5.06.2006

semantics and the body

I LOVE this book. Semantics and the Body by Horst Ruthrof is the missing link between post-structuralism and linguistics that I've been waiting for.

The author briefly summarizes the history of philosophy of language before really delving into the nitty-gritty of why traditional formal semantics can't handle essential things like negation and metaphor. It's clear he knows his stuff.

While he doesn't buy post-structuralism hook, line and sinker, he does make an important move that is clearly based on literary theory. Instead of beginning with 'normal' language or 'positive' statements and considering meatphor and negation as marginal phenomena that can be described later (as linguists do), he begins with these as things a philosophy of language must account for, and goes on from there.

Ruthrof does buy the claim that everything is textual. That is, in opposition to Lakoff et al., he doesn't think there's some realm of unmediated physical experience that we code into language via metaphor. He believes the body has an essential place in a theory of language because it is a mechanism for interacting with and encoding various perceptual sign systems. It is these non-verbal modes of signification that make ALL linguistic expressions meaningful.

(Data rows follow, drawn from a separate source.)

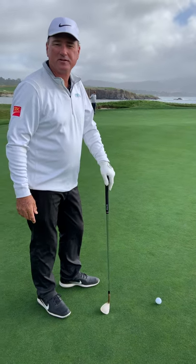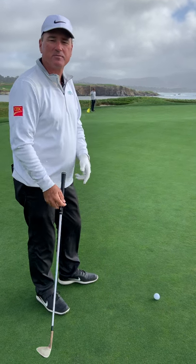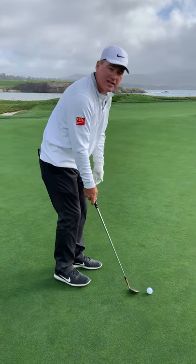We're here at the 17th hole in Hell of H for our monthly tip. One of the great shots of US Open history is Gary Woodland's chip. He drove it on the right edge of the green, the pin's back left. How do you play that shot?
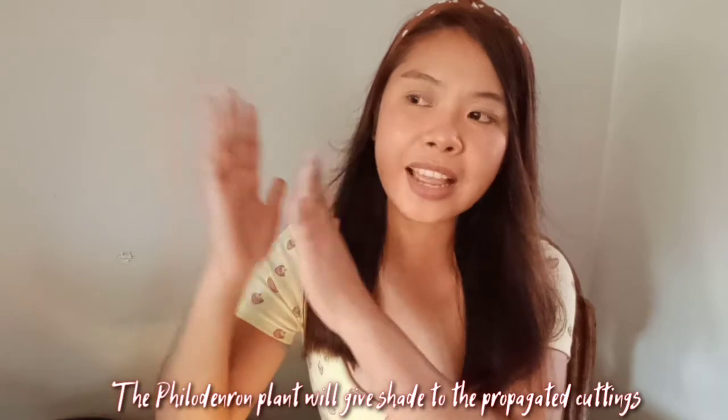In my case, the Coral Vine plant that we propagated together — remember I propagated two cuttings, right? What I did in the first week, I placed it in my potting shed where there's a roof and it can only receive a reflection of sunlight, no direct sun that week. After one week, I placed it in front of our house where the Philodendron plant is. I placed this Coral Vine plant there and they receive morning sun. The Philodendron acts as a shade for the Coral Vine so that it will not receive direct sunlight.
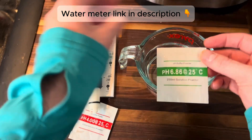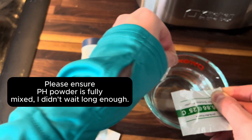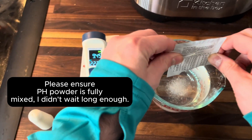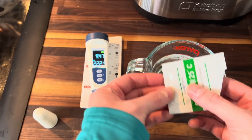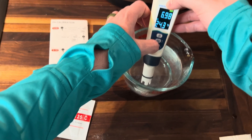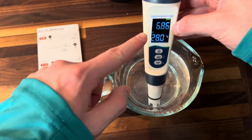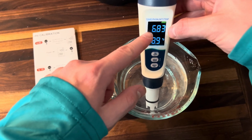I'll go ahead and pour this in. This is the home stretch — the last one. We're going to let this dissolve into the water, and when it's ready we're going to calibrate for the 6.86. We're going to hold down mode for three seconds and it's going to flash and say 6.86. That is our calibration right now, which is exactly what we want. Once it's done flashing, you know that it's complete.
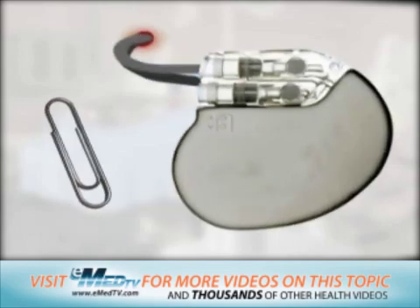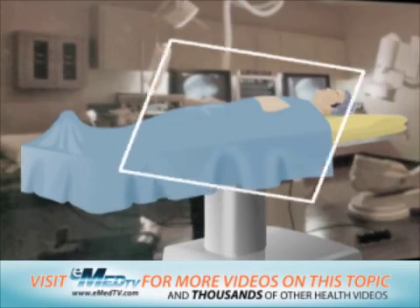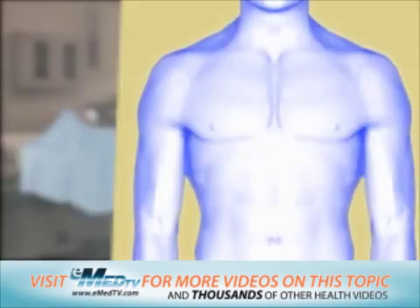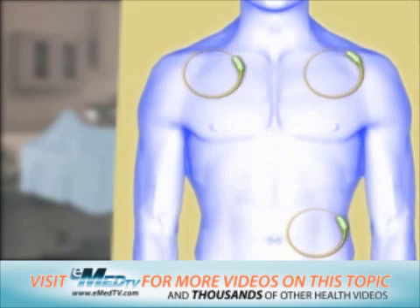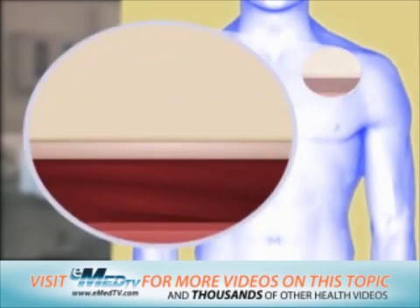The device is much smaller than a deck of cards and weighs slightly more than an ounce. To begin the procedure, the doctor first chooses an area to place the lead, or wire, usually under the collarbone on the left or right side of the chest, or in the stomach area. This part of the body will be shaved and scrubbed with a special disinfectant soap.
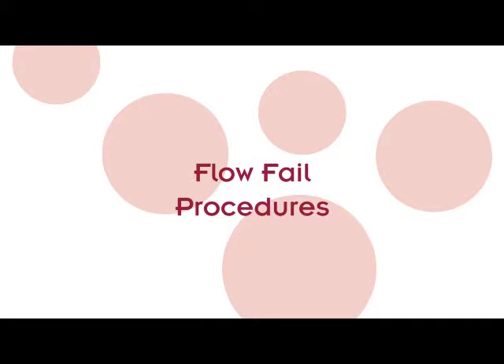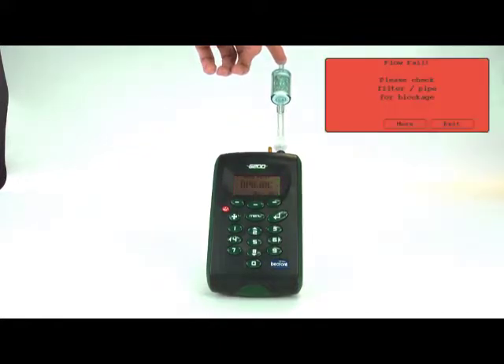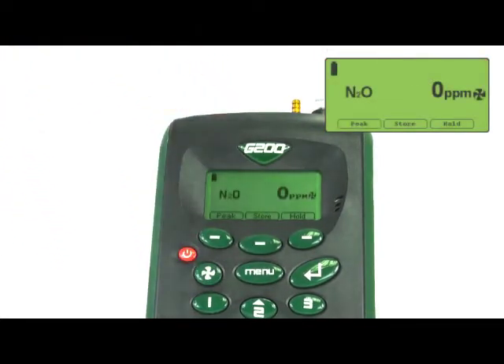Flow fail. Should the flow fail screen appear, as reconstructed here, you can press the fan button twice to quickly return to the monitoring screen. If the problem persists, please refer to the manual included for a detailed solution guide.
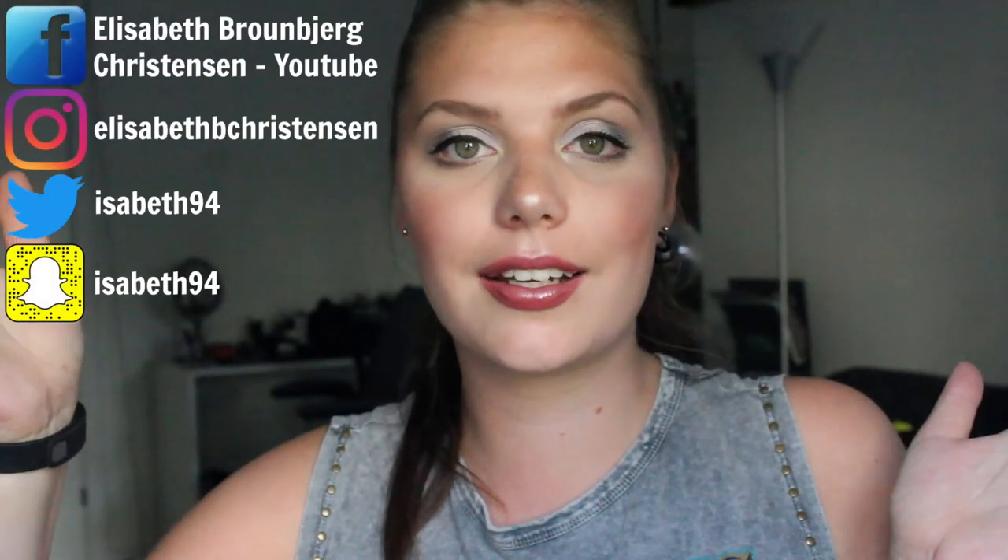That's everything for my update. I hope you enjoyed and I hope you will follow the other ladies and check them out. I hope you will hang around here as well, like this video if you liked it, and subscribe to my social media. Take care of yourself until we see each other in another video. Bye guys!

Metaphor, then, simply highlights the play (and the slippage) between the various systems. There is a continuum from metaphor to literal speech that we must negotiate (with varying degrees of uncertainty) every day. This is a pretty elegant theory. It buys a lot of things (for example) a theory of metaphor that meshes with a theory of literal language, without a lot of the explanatory baggage that Lakoff needs to pull along (does each individual's experience shape their metaphorical domains? what is the role of historical change in moving from 'live' to 'dead' metaphors?).

Pay attention, philosophers of language: these divisions (literal/figurative; live/dead; negative/positive) are not as clear cut as formalism would like them to be. Admitting that is the first step toward getting help.

1 comment:

Marc André Bélanger said...

Thanks for the reference. That looks like my kind of book.